Publicado originalmente el 8 de julio de 2017
La Playa -así, en mayúsculas, solemos escribirlo los palmenses- amanece gris y somnolienta. La panza de burro amenaza con caer sobre ella y todos nosotros hasta que lentamente, allá por el mediodía, ésta, en eterno ritual, acaba por alejarse dando paso a celajes limpios, casi cristalinos. Hasta ese momento, la arena sólo conoce la presencia de paseantes matutinos, algún extranjero y operarios de limpieza. Es a partir de la aparición de un tímido sol cuando comienza el verdadero espectáculo democrático que es Las Canteras. Todos encuentran allí su hueco, sin distinción de ningún tipo: los niños chillones y famélicos, también los que están al borde de la obesidad; los guayabos y sus correspondientes guayetes de gimnasio; familias enteras, que desafían los límites del espacio y orden; individuos solos, reconcentrados en su diálogo con el sol; lectoras ávidas, que no sueltan el libro más que para remojarse brevemente… Así extiende su manto arenoso Las Canteras, como frontera porosa, canto capitalino al ancho mar.
No muy lejos, La Barra ejerce de aduanera muralla, que deja entrar y salir, salir y entrar.

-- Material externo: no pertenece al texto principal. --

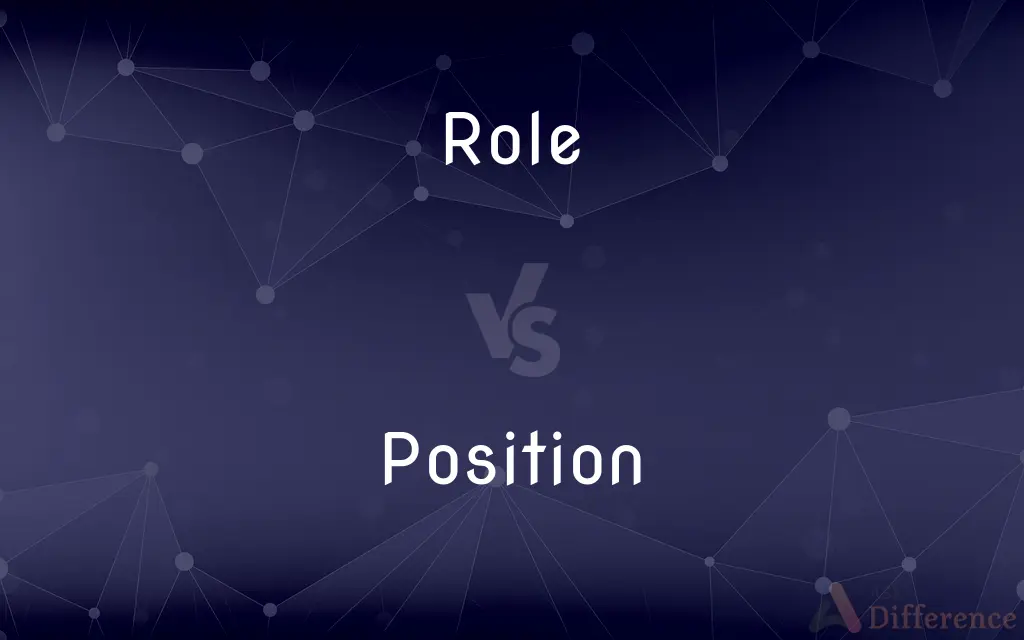 Role vs. Position — What's the Difference?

Junto a las pequeñas chalanas y falúas, aparecen criaturas nuevas, que obligan a sus tripulantes a remar de pie, sentados, pedalear, dominar una vela diminuta… Conviven con los parroquianos habituales, que desde La Puntilla, todo lo observan y analizan mientras apuran alguna cerveza de más. Queda la apoteósis, esperar el atardecer como se espera el tour de force de algún idolatrado tenor. No en vano, desde la otra punta, Alfredo Kraus, vigila que todo sigue en su sitio. La tarde cae sigilosamente, igual que llegó la mañana. Pareciera que un filtro enorme nos envuelve y entonces, no siempre, a lo lejos, el Teide dice que está bien, que puede anochecer, que podemos estar tranquilos. Mañana llegará y Las Canteras seguirá allí, como fiesta de sal y arena a la que todos hemos sido invitados. Telón.